» Information provided

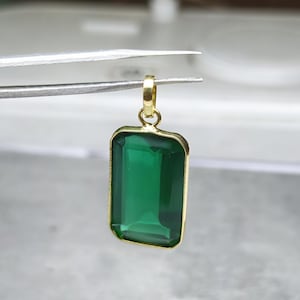 May include: A rectangular emerald-green gemstone pendant with a gold-colored frame and bail. The pendant is held by tweezers against a blurred background. The gemstone is a deep, transparent green.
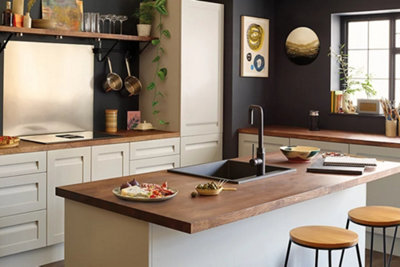 A rustic cream kitchen with dark wood worktops and a kitchen island.
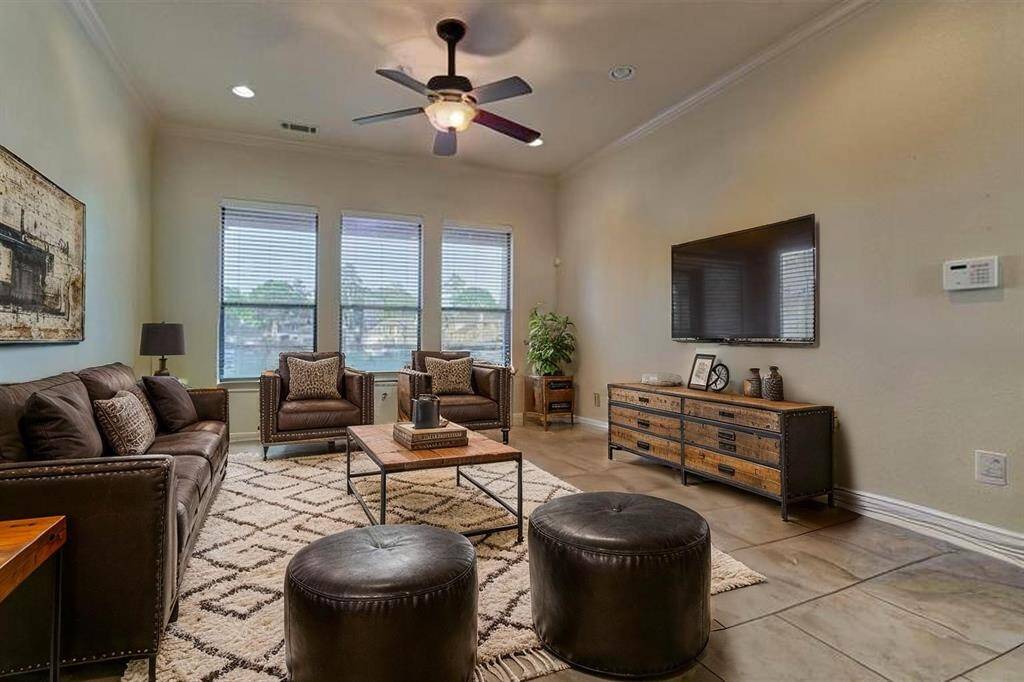The living room features three large windows that frame beautiful views of Lake Conroe, filling the space with natural light and scenic charm. This photo has been virtually staged to show furniture placement.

» Task prompt
From the line containing "A rustic cream" down to the final line of the listing above, write out only those lines exactly as they are, minus the pictures.

» Exercise output
 A rustic cream kitchen with dark wood worktops and a kitchen island.
The living room features three large windows that frame beautiful views of Lake Conroe, filling the space with natural light and scenic charm. This photo has been virtually staged to show furniture placement.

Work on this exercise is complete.